The snake chart, as we're calling it, shows the lifetime failure rate of each drive model over time. We started at 24 months to make the chart less messy. Regardless, the drive models sort themselves out into either Quadrant I or II once their average age passes 60 months. Let's take a look at the drives in each of those quadrants.
If we had to pick one of the drive models to represent a normal failure profile, it would be the 8TB Seagate (blue line, model: ST800DM002). Why? The failure rate for the first 60 months was consistently around 1.0%, Seagate's predicted AFR. After 60 months, the AFR increased as the drive aged as one would expect. You might have thought we'd choose the failure profile of one of the two 4TB HGST drive models (brown and purple lines). The "trouble" is their failure rates are well below any published AFR by any drive manufacturer. While that's great for us, their annualized failure rates over time are sadly not normal.
The idea of using AI/ML techniques to predict drive failure has been around for several years, but as a first step let's see if predicting drive failure is even an AI-worthy problem. We recently conducted a webinar "Leveraging Your Cloud Storage Data in AL/ML Apps and Services" in which we outlined general criteria to be used in evaluating if AI/ML is needed to solve a given problem, in this case predicting drive failure. The most salient criteria which applies here is that AI is best used for a problem for which you can not consistently apply a set of rules to solve the problem.

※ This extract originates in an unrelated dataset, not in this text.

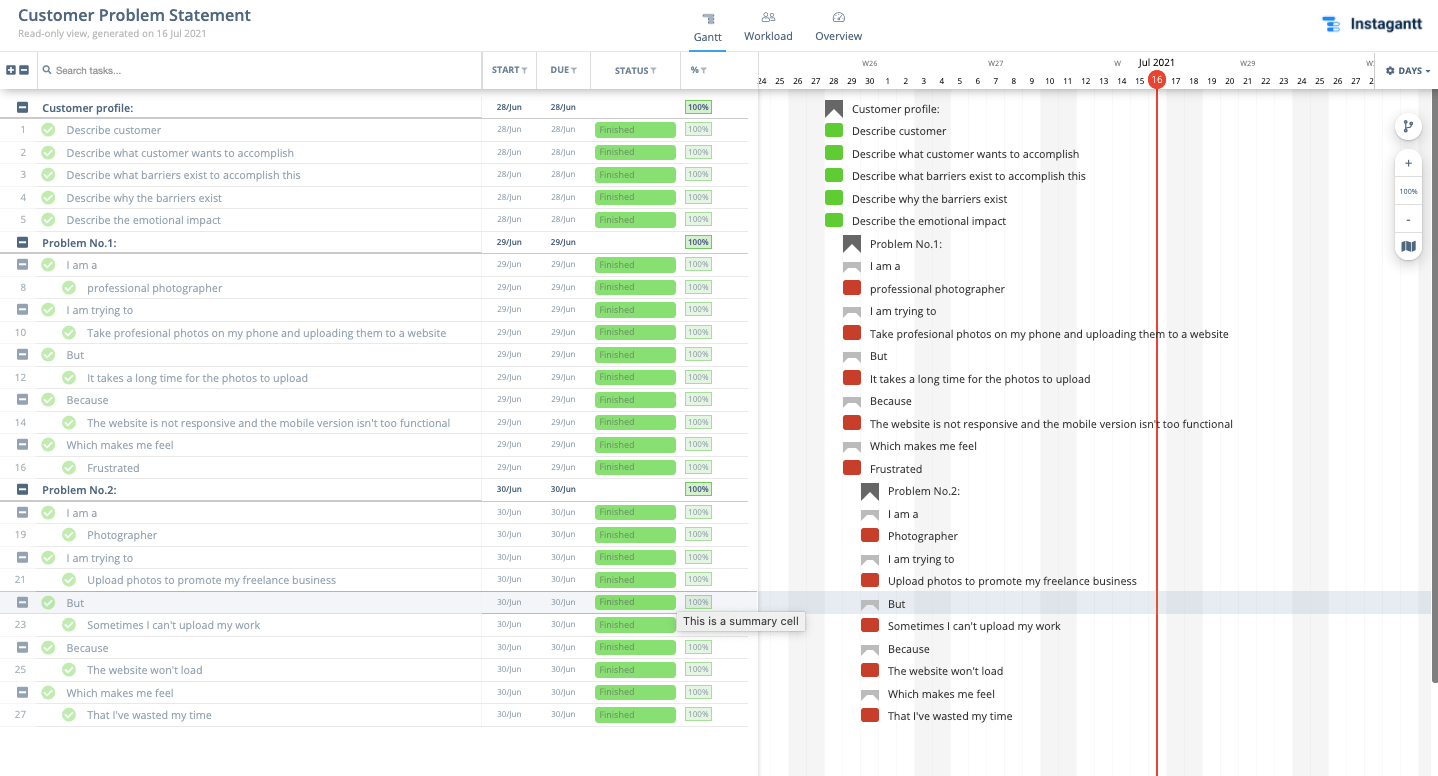 Customer Problem Statement Template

A model is trained by taking the source data and applying an algorithm to iteratively combine and weigh multiple factors. The output is a model which can be used to answer questions about the model's subject matter, in this case drive failure. For example, we train a model using the Drive Stats data for a given drive model for the last year. Then, we ask the model a question using drive Z's daily SMART stats and related information. We use this data as input to the model, and while there is no exact match, the model will use inference to develop a response of the probability of drive failure for drive Z over time. As such, it would seem that drive failure prediction would be a good candidate for using AI.
What's not clear is whether what is learned about one drive model can be applied to another drive model. One look at the snake chart above visualizes the issue as the failure profile for each drive model is different, sometimes radically different. For example, do you think you could train a model on the 4TB Seagate drives (black line) and use it to predict drive failures for either of the 4TB HGST drive models (purple and brown lines)? The answer may be yes, but it certainly doesn't seem likely.
All that said, several research papers and studies have been published over the years attempting to determine whether or not AI/ML can be used to make drive failure predictions. We'll be doing a review of these publications in the next couple of months and hopefully shed some light on the ability to use AI to accurately make drive failure predictions in a timely manner.
It has now been over 11 years since we began recording, storing, and reporting the operational statistics of the hard drives and SSDs we use to store data in the Backblaze data storage cloud. We look at the telemetry data of the drives, including their SMART stats and other health related attributes. We do not read or otherwise examine the actual customer data stored.
Over the years, we have analyzed the data we have gathered and published our findings and insights from our analyses. For transparency, we also publish the data itself, known as the Drive Stats dataset. This dataset is open source and can be downloaded from our Drive Stats webpage.